Ah credit to you then, although living is not working and looks are often deceiving. My experience was perhaps not similar to your father's and my perception certainly not yours. If you have no rights and minimal freedoms, if you can't come and go as you please, if someone else holds your passport, if you can be jailed without cause or charge then you are not much more than a slave. Being paid a wage that is so small as to be inconsequential to the people who 'employ' you barely changes one's status but yes I suppose it does. How little one can earn or how dire one's circumstance in one's home country doesn't justify the treatment received in my mind.
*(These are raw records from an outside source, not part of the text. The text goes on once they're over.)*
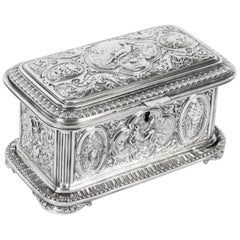 Antique French Silver on Copper Casket, 19th Century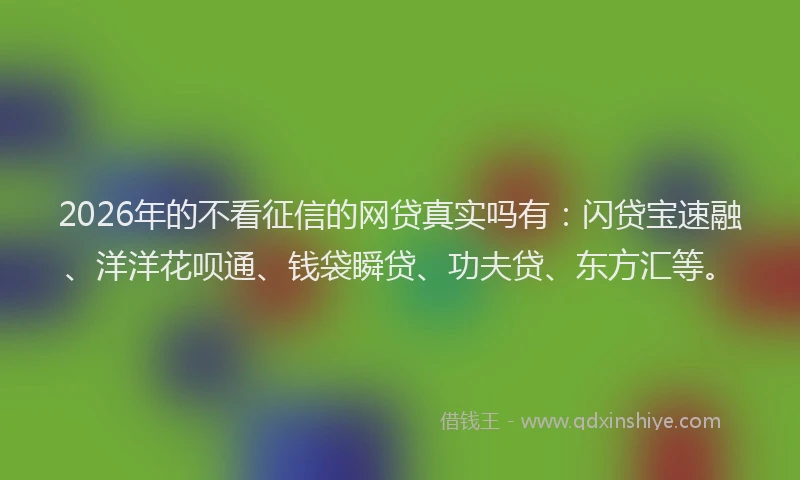 2026年的不看征信的网贷真实吗有：闪贷宝速融、洋洋花呗通、钱袋瞬贷、功夫贷、东方汇等。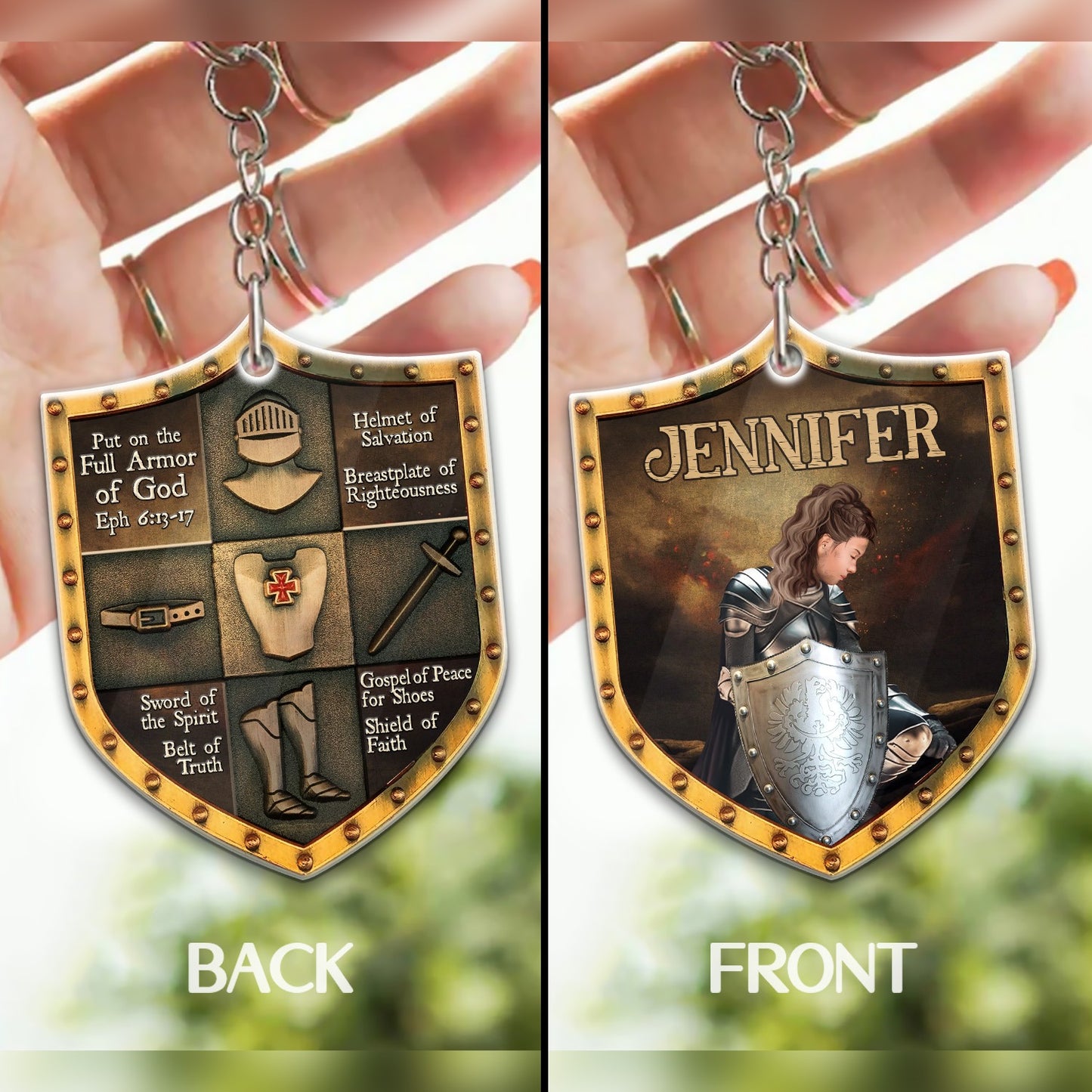 Personalized Warrior Of God Put On The Full Armor Of God-Ephesians 6:13-17 Shield Acrylic Keychain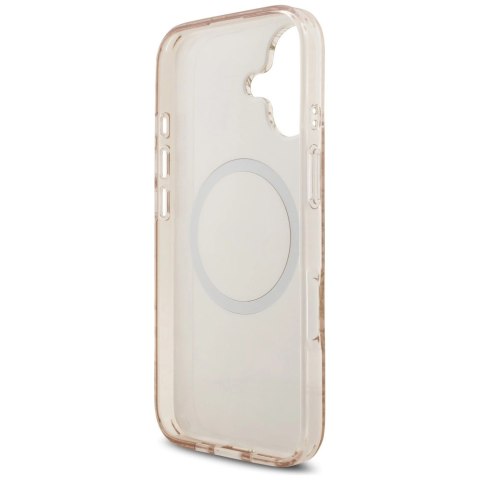 Etui Guess IML Flowers Electro Pearl Strap MagSafe na iPhone 17 - różowe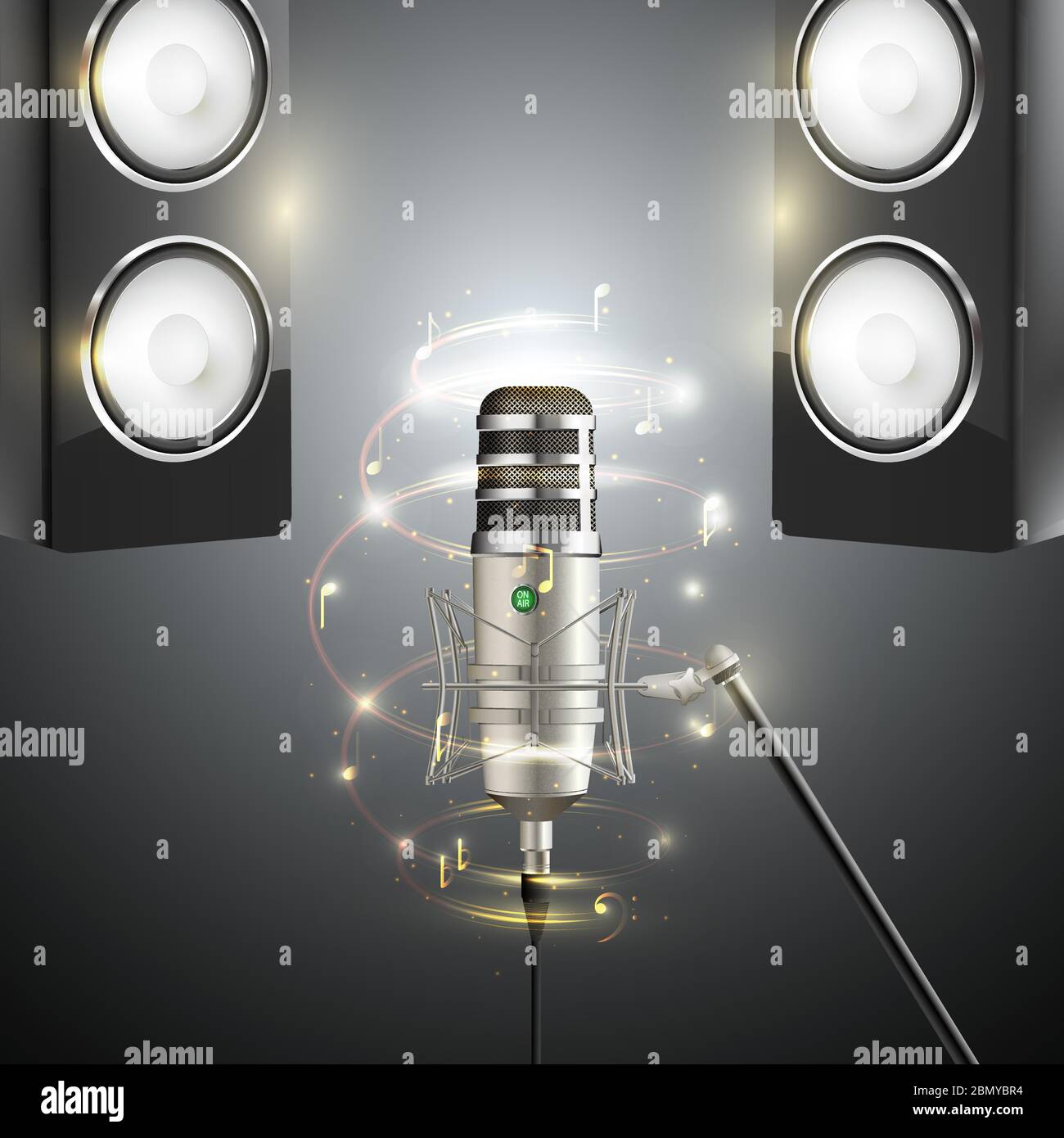 Microfono professionale e sistemi acustici su sfondo grigio, con nastro luminoso Illustrazione Vettoriale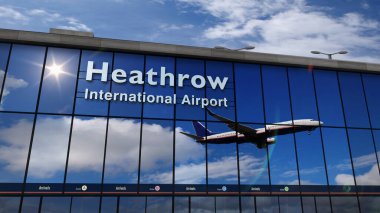 Londra, Heathrow, İngiltere, Uk, Gb 'ye jet uçağı iniyor. Havaalanı terminali ve uçak yansıması ile şehre varış. Seyahat, iş, turizm, ulaşım kavramı.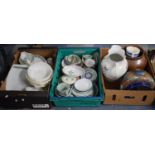 Three Boxes of Ceramic, Kitchenwares, Jardiniers, Toilet Jug etc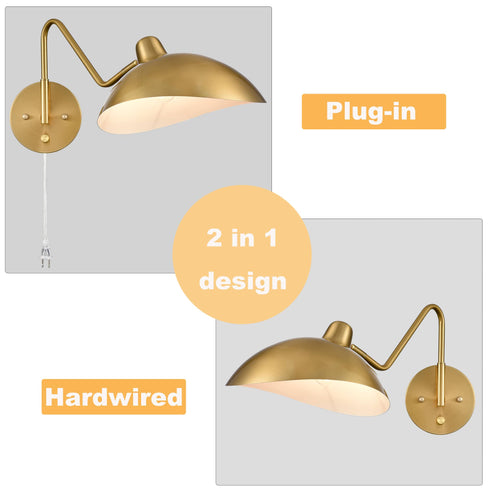 Set of 2 Modern Brass Metal Wall Sconce with On/Off Switch Plug-in or Hardwired Swing Arm Wall Light Fixture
But life is hard and I am probably just naive.


----------



## tenoclock (Jan 23, 2015)

I think this is simply due to cultural differences. Most Asians I know are there to make money, not to have fun or enjoy freedom as we know it in the west. They know that earning a lot of money will allow them and their families more freedom to live their lives back in their home countries, so most of them are not bothered with these issues.

And I can't comment on how much the employer makes. Walmart makes billions in profits yet most of the workers are minimum wage. I don't have a problem with that. It's capitalism, and I am a capitalist. That's how you run businesses and that's how we become competitive.


----------



## uptoolate (Oct 9, 2011)

I'll agree to disagree if you will.


----------



## sags (May 15, 2010)

The Saudis don't appear to be overly worried about budget shortfalls.

They increased their budget this year, despite the oil price decline, and have stated they can manage just fine for a couple of years with low prices.

They can if they wish, extend their ability to withstand low prices out further, by cutting their budgets in the future, acquiring some debt, or selling some of their worldwide assets.

High cost producers will not be able to out wait the Saudis.


----------



## Chris L (Nov 16, 2011)

Ceasefire in Russia/Ukraine. Now we'll see oil recover....that is, if the oil rout was meant to crush Russia. I have my doubts. But the markets should like that.


----------